MST: Você entende o que é esse movimento?

Bandeiraço do MST.

Fonte: Juliana Adriano, via Flickr do MST.

É muito provável que você já tenha ouvido falar no MST, certo? A sigla, que diz respeito ao Movimento dos Trabalhadores Rurais Sem Terra, foi bastante mencionada durante a campanha eleitoral de 2018.

A candidatura de Guilherme Boulos à presidência da república, no ano passado, e a discussão em torno da Lei Antiterrorismo, fizeram crescer o debate sobre o MST (Vale ressaltar que Boulos, candidato pelo PSOL, é presidente do MTST, outro movimento social).

Neste post, o Politize! te apresenta o histórico e objetivos do Movimento dos Trabalhadores Rurais Sem Terra, bem como os principais argumentos contrários e favoráveis a esse movimento. Vamos lá?

PARA COMEÇAR, O QUE É O MST?

O Movimento dos Trabalhadores Rurais Sem Terra (MST) surgiu oficialmente em 1984, dentro do Encontro Nacional de Trabalhadores Sem Terra, no Paraná. É importante observar que se trata do período da Ditadura Militar, um regime que aprofundou as desigualdades sociais no país. Além disso, em 1984 estava em curso o processo de abertura para a redemocratização do país, o que possibilitou a emergência de movimentos sociais, duramente reprimidos nas décadas anteriores.

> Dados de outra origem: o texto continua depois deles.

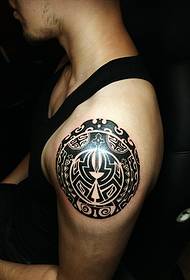Klasická osobnosť tetovania totem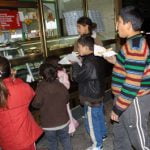 Von dem verdienten Geld wird Pizza gekauft.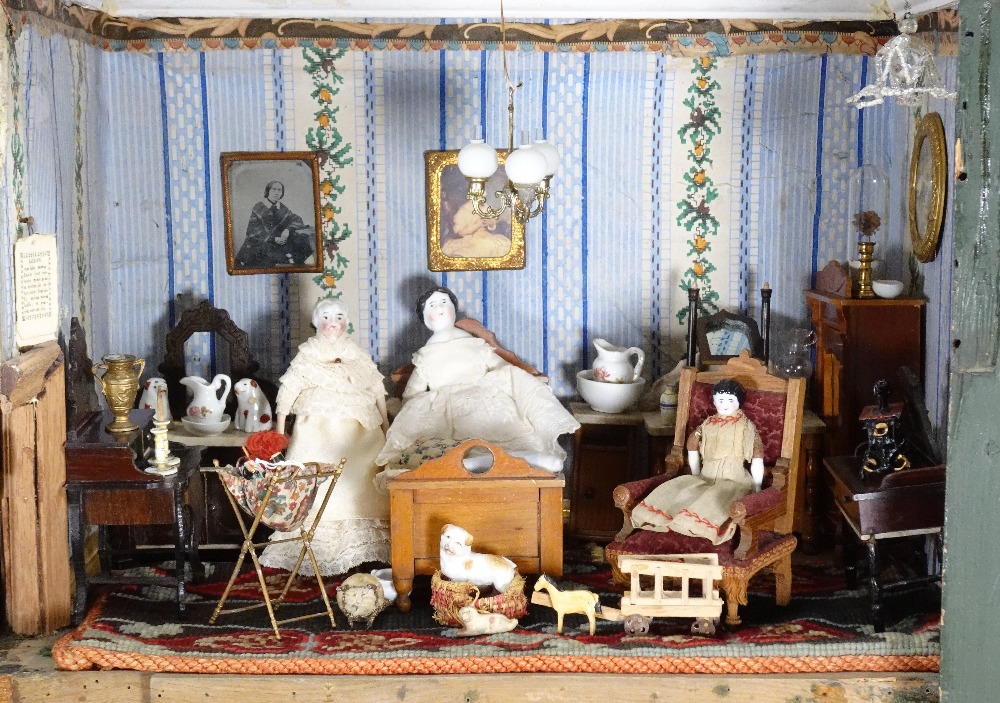 A rare and early 19th century English Dolls House cupboard and contents, - Image 6 of 8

Mas os movimentos por terra no Brasil não eram exatamente novidade. Eles existem desde o início do século  XX, como forma de manifestação popular e combate à desigual distribuição de terra — uma característica histórica do país, em função de nossa estrutura latifundiária.

Ao longo do tempo, esses movimentos tornaram-se mais unificados e organizados, originando o MST.

Objetivos do movimento

O MST declara que seus objetivos principais, sintetizados no lema “terra para quem nela trabalha”, são:

  • Lutar pela terra;
  • Lutar pela Reforma Agrária;
  • Lutar por mudanças sociais no país

Em suma, a demanda central do Movimento é pela Reforma Agrária. Por isso, falaremos mais sobre esse assunto daqui a pouco.

Formas de atuação

Assentamento do MST em Dissenha (SC).

Fonte: Eliane Firastol, via, flickr do MST.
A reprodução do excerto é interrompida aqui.